DJ la baciò con foga tanto che si
schiantarono, senza volerlo, contro la reception ma non si accorsero di niente,
e furono costretti a interrompersi quando qualcuno, dopo essersi schiarito la
voce, disse:
«Non mi pare il luogo più adatto
per questo genere di cose.»
‘Stupida vecchia!’ pensò
acidamente Temp ‘Rovinare il momento più bello della mia vita per dire questa
cazzata!’
«Ci scusi tanto,» disse DJ «ma noi
giovani non riusciamo proprio a contenerci!»
La donna gli tirò un’occhiataccia
e se si allontanò, voltandosi di tanto in tanto per vedere se il tipo se ne
fosse andato.
«Arrivederci!» urlò il chitarrista
rivolgendosi alla donna che stava svoltando l’angolo. La campanella suonò «Ci sentiamo!»
disse a Temp con tanto di occhiolino.
«Non posso… ho musica!»
«Interessante… se mi vedi
comparire come professore di musica sappi che l’altro è sempre vivo, l’ho solo
rinchiuso nello sgabuzzino!»
Quel pomeriggio a Chicago…
Izzy era andato a prendere Penny
all’aeroporto, da bravo chitarrista tassista quale era, per poi accompagnarla
all’ospedale, dove la futura dottoressa aveva appuntamento per portare dei
documenti relativi alla sua futura e prossima assunzione. Stradlin, come tutti
gli uomini, era rimasto in macchina ad aspettare e, per ammazzare il tempo,
fumava una sigaretta dietro l’altra. Quando Penny fece ritorno l’uomo si sentì
riavere: stava morendo di noia e in linea genereale stava fumando un po’
troppo.
«Scusami, ti ho fatto aspettare un
bel po’…» esordì lei.
«Ho ammazzato il tempo come meglio
potevo» rispose Izzy spengendo l’ultima sigaretta e salendo in auto.
Una volta arrivati a casa del
chitarrista, Penny iniziò ad essere nervosa.
«Non avrei voluto scomodarti così
tanto!»
«Se vuoi farti una doccia il bagno
è in fondo a destra, abbiamo un’ora prima di andare a cena.»

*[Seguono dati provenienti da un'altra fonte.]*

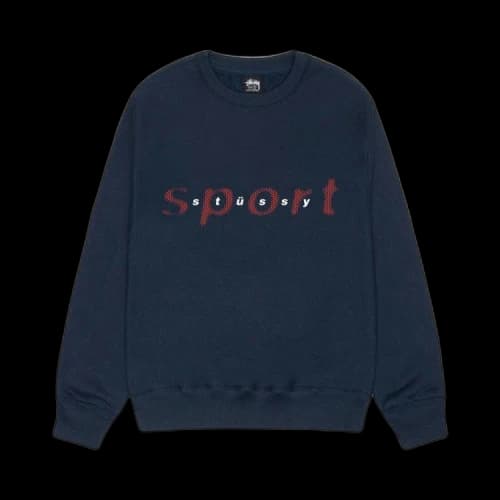 Stussy Dot Sport Crew Sweatshirt Navy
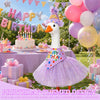 A white duck costume with a purple tutu and a sparkly hat standing in a grassy outdoor setting.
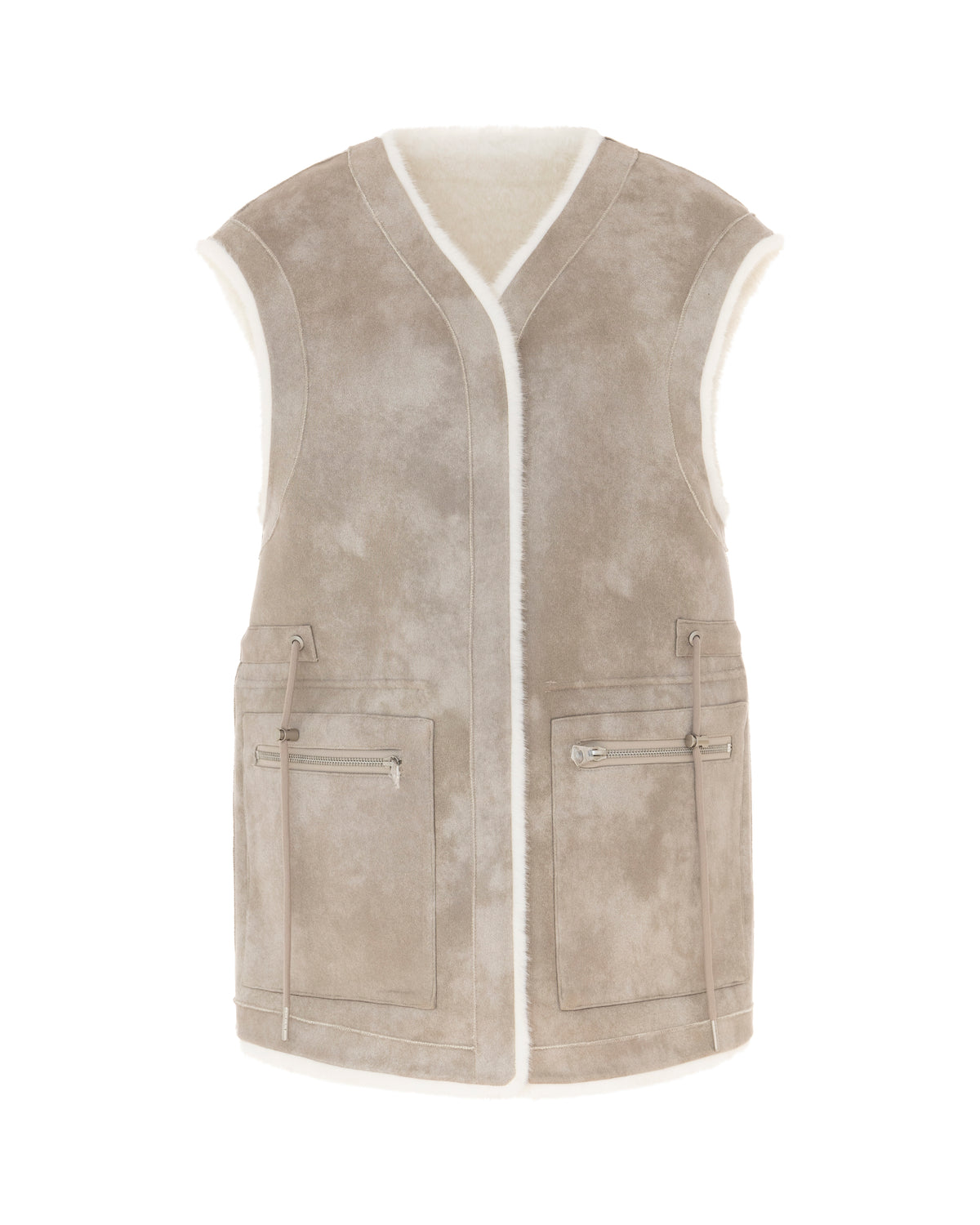 Fur Gilet in Cashew/Cream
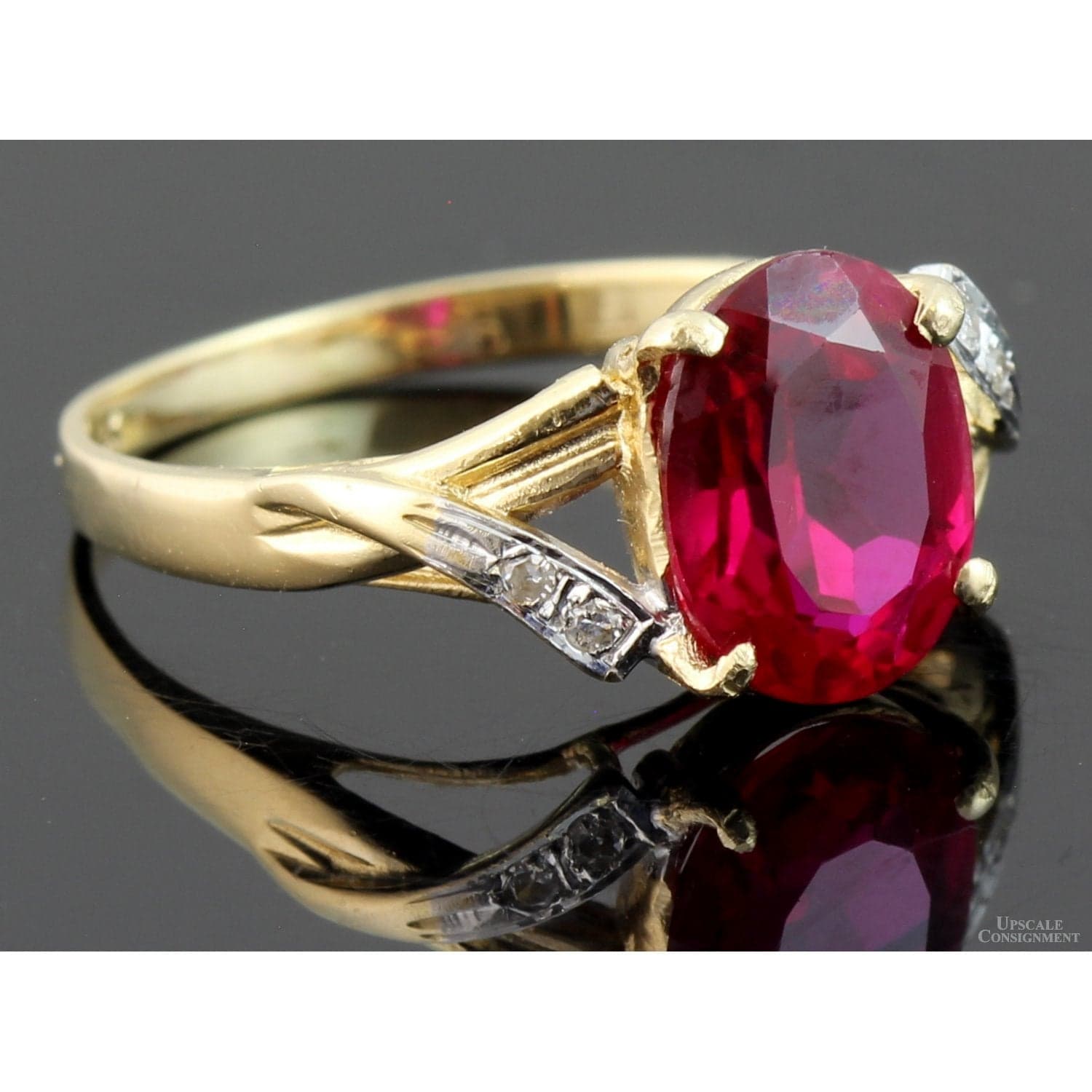 2.41ct Lab-Created Ruby & Diamond 14K Yellow Gold Ring - Size 5.25 - Thumbnail 2
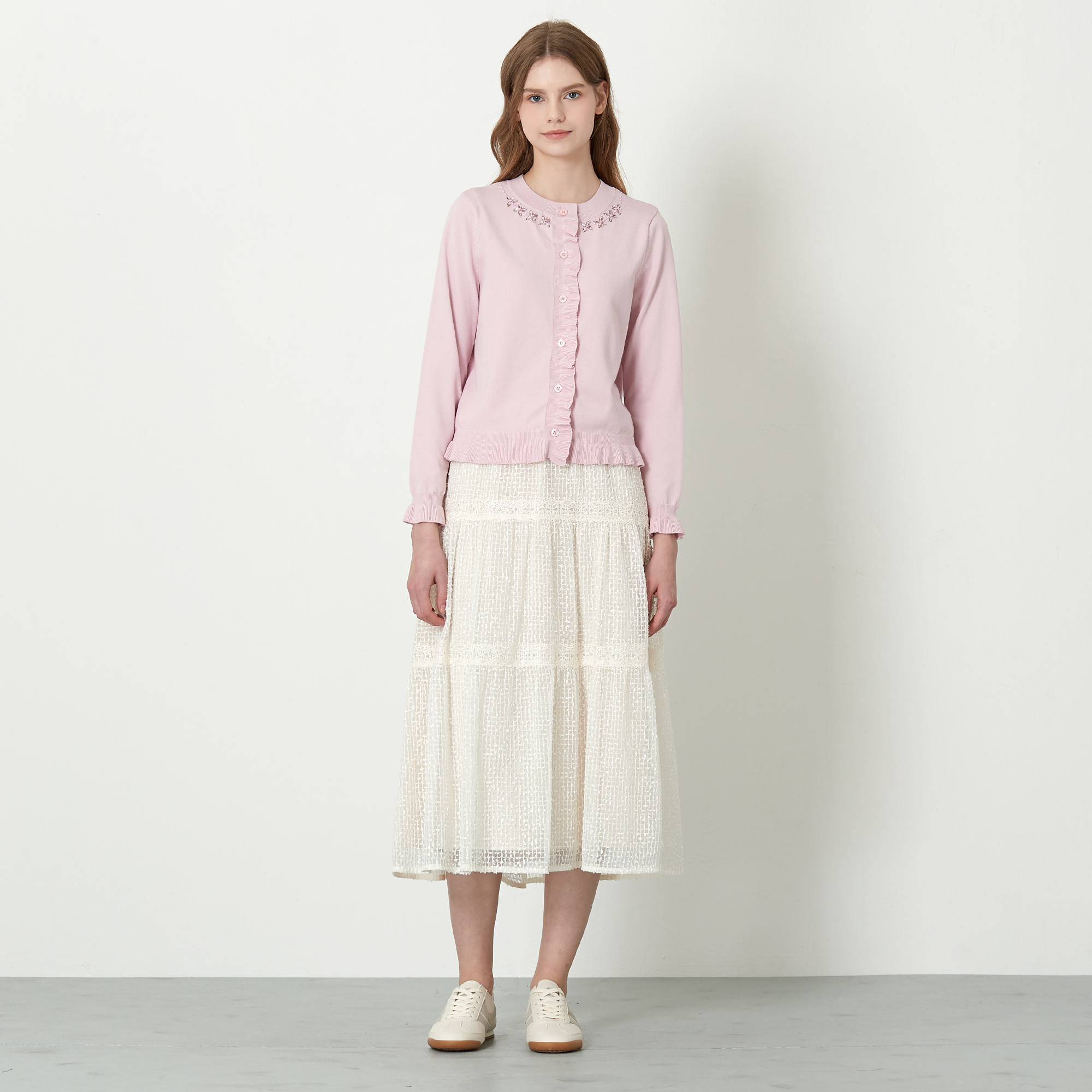 기비 레이스 믹스 롱 플레어 스커트 GY26S1FRK4591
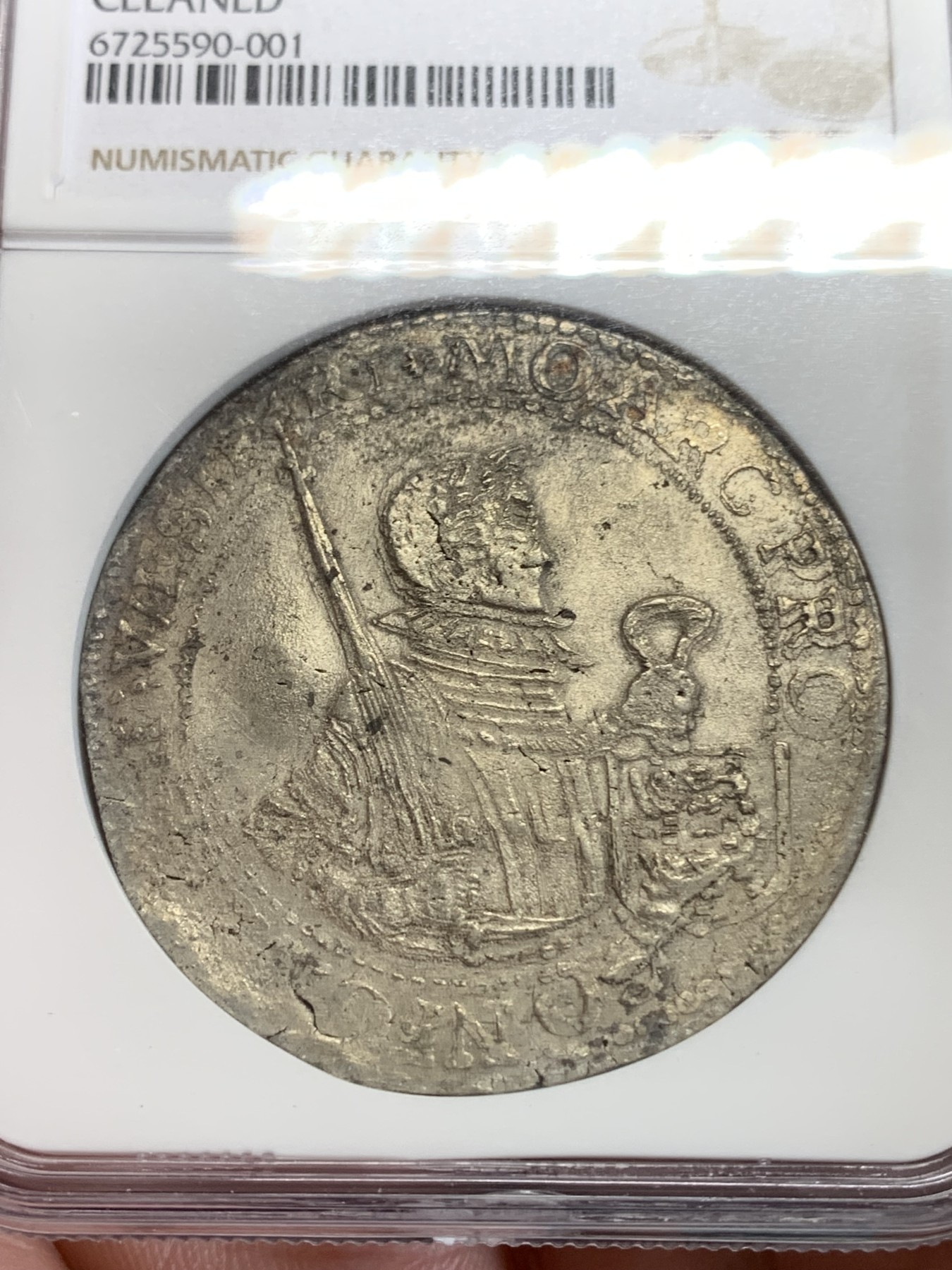 《竞宝斋》第192场-周日，周一 2场 (全场包邮) NGC-AU 荷兰尼德兰 1621年 1RD 大银币 原味包浆 细节突出 非常好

Non era certo la risposta che
Penny si aspettava, dubitò perfino che l’avesse sentita ma non disse altro e si
rinchiuse nel bagno. Fece velocemente, si sistemò come meglio poteva e
raggiunse il moro che era spaparacchiato sul divano a guardare la tv con il
cane addormentato sulle gambe.
«Già fatto?» chiese stupito. Lei fece
cenno di sì con la testa e si accomodò accanto a lui. «Il tuo fidanzato super
geloso sa che sei qui?» domandò.
«Sa che sono a Chicago, ma non che
sono qui da te, e comunque mi sono lasciata…»
Izzy non rispose, cosa che
dopotutto rientrava nella normalità, e i due rimasero a guardare la tv per un
altro po’. Infine andarono al ristorante.
«Non avresti dovuto prenotare,
avrei cucinato io!»
«Vuoi continuare a elencare le
cose che non avrei dovuto fare?» chiese divertito.
«Se sarà necessario per farmi
sentire meglio sì.»
Il ristorante aveva una vista
spettacolare che dava sul lago illuminato. Il panorama era talmente bello che
Penny aveva intenzione di fare una passeggiata dopo cena per fare anche qualche
foto.
«È proprio bello... con tutte
queste luci!» disse la ragazza.
«Sì, molto romantico.» disse il
moro accorciando le distanze. Penny sentiva qualcosa agitarsi nello stomaco, ma
era sicura che non fosse il pasto che aveva appena consumato. Inoltre iniziò a
pensare che essere seduti vicino e non uno di fronte all’altro non fosse stata
un’idea geniale «Quando ti laurei?» chiese l’uomo.
«Tra una settimana esatta.»
«Nervosa?»
«In questo momento sì, ma non
credo dipenda dalla laurea…»
Il chitarrista la guardò negli
occhi.
«E da cosa?»
«Indovina…»
Izzy finalmente si decise e la
baciò. La situazione degenerò forse anche troppo in fretta, o almeno questo è
ciò che sicuramente accadde nei pantaloni di Stradlin, che chiese:
«Andiamo a casa?»
Penny rise e poi rispose:
«Volevo prendere il caffè,
l’ammazzacaffè, tanto paghi tu, e volevo anche fare una passeggiata sulle
sponde del lago… puoi andare in bagno!»
«Sarebbe sospetto se sparissimo
tutti e due quando dobbiamo pagare il conto.»
«E va bene, se proprio non riesci
a resistere!» disse la mora con aria suadente e gli fece l’occhiolino.